Réunir toutes les chapelles de l'extrême-droite et grignoter la frange des Républicains la plus dure sont donc des enjeux tactiques majeurs pour le Front national. Avec un hic: un désert s'étend devant Marine Le Pen. Certes, l'ancien député UMP Jérôme Rivière s'est rallié à elle, mais il est pour l'instant l'un des seuls à avoir succombé à l'opération séduction.

Même Charles Millon, pourtant précurseur en matière de rapprochement entre droite républicaine et Front national, a choisi de soutenir François Fillon. Le positionnement de ce dernier, ouvertement conservateur et proche des milieux catholiques traditionalistes, a de quoi retenir les tenants d'une droite dure qui seraient tentés de franchir le Rubicon.

Philippe De Villiers incertain

Marine Le Pen sera sur ses terres le 27 mars, mais le vendéen Philippe De Villiers dément dans L'Opinion être sur le point de faire un geste en faveur de Marine Le Pen: "Faux", "N'importe quoi!". Pourtant, le créateur du Puy du Fou, proche de Marion Maréchal-Le Pen, tenait selon le JDD des propos élogieux à l'égard de la présidente du Front national après son passage dans L'émission politique. "Elle a une carrure présidentielle", estimait le jeune retraité de la politique, "sa main ne tremblera pas lorsqu'il faudra prendre des décisions douloureuses". 

Dupont-Aignan et Guaino disent non

Qu'il s'agisse de Nicolas Dupont-Aignan ou d'Henri Guaino, les héritiers de Philippe Séguin présentent une fin de non-recevoir à Marine Le Pen.

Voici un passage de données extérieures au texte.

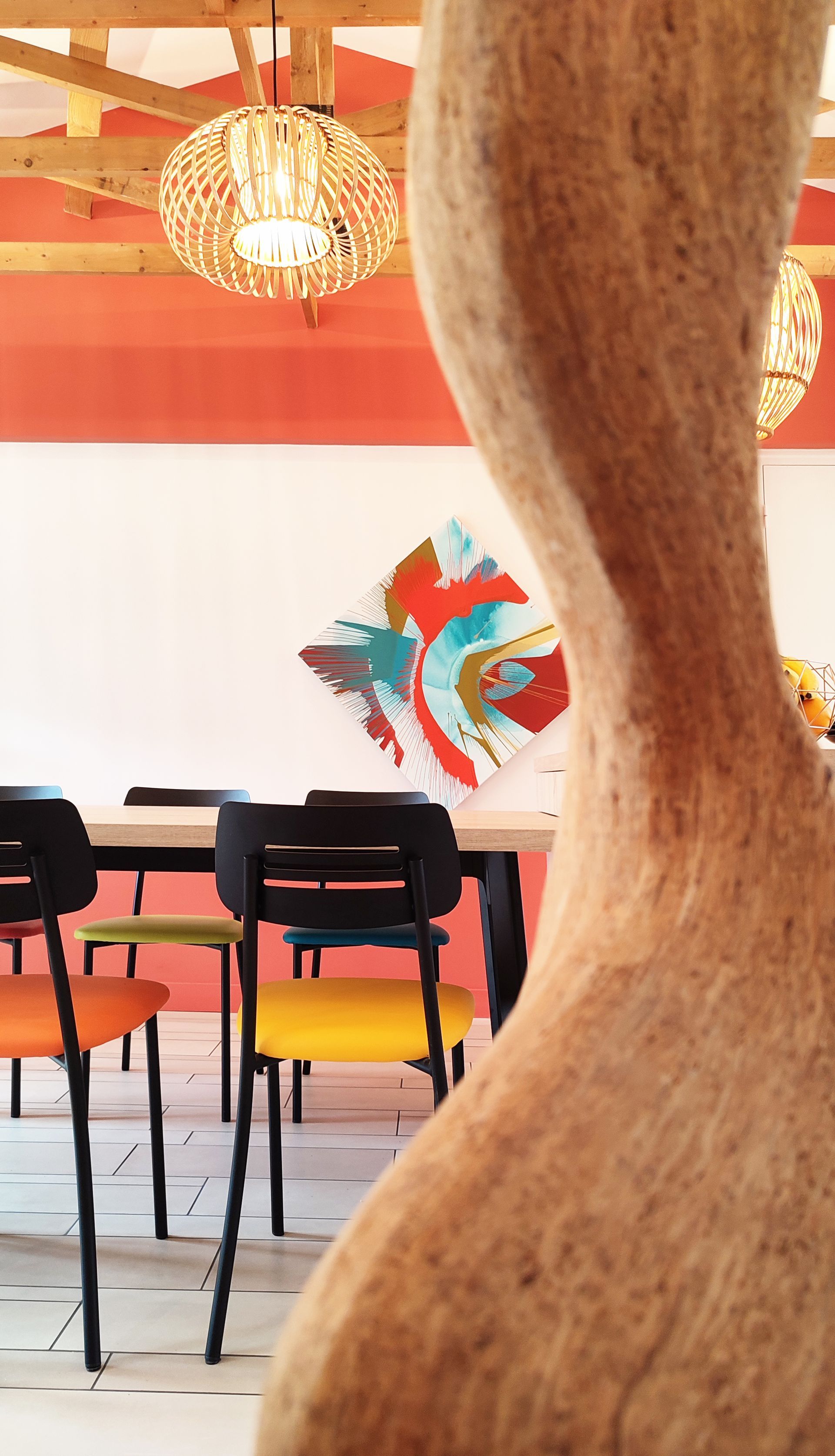 Table en bois et fer noir dans salon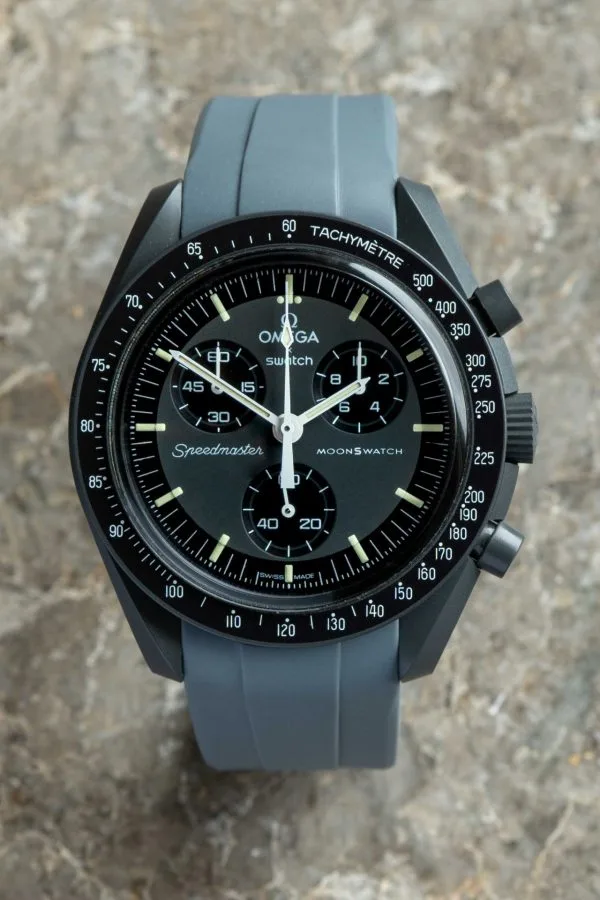 Grey curved rubber strap for moonswatch paired with mission to mercury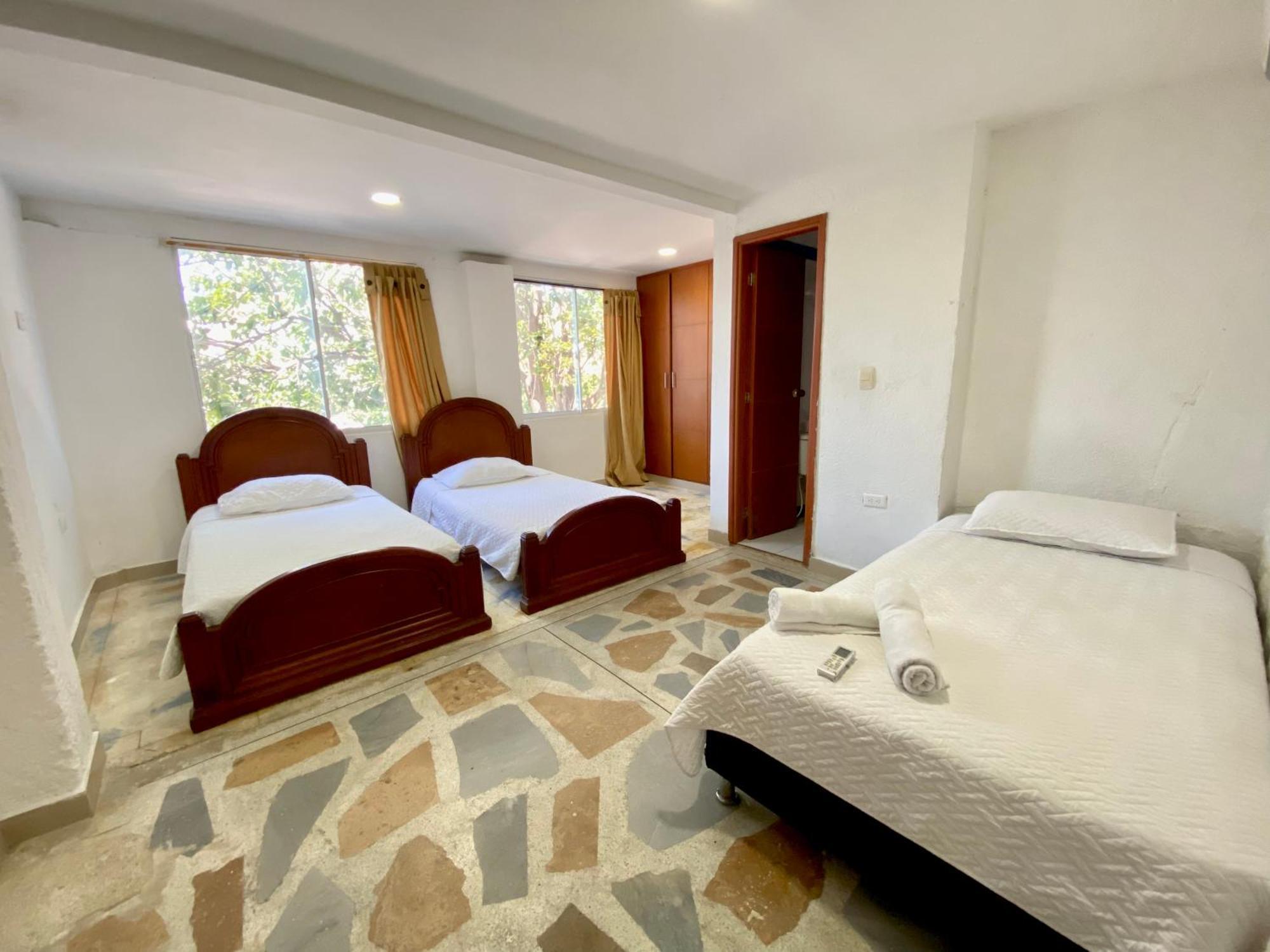 Hotel Cabanas Villa Roca, Rodadero サンタ・マルタ エクステリア 写真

En lévitation depuis son coup de gueule et son départ du plateau de TF1, le candidat de Debout la France a nettement pris ses distances avec le Front national mardi, sur notre antenne. "Elle est patriote, mais nous n’avons pas le même projet de société", a-t-il affirmé.

L'ancienne plume de Nicolas Sarkozy, qui pourrait se laisser séduire par la ligne Philippot au sein du Front national, a répété sa position dans l'émission .Pol. Pourtant parrainé par Marine Le Pen dans sa course aux 500 signatures, Henri Guaino a été catégorique: "Mes relations avec le Front national, elles sont claires depuis toujours. Je ne gouvernerai pas avec le FN, je ne voterai pas pour Mme Le Pen, je n'adhérerai pas au FN."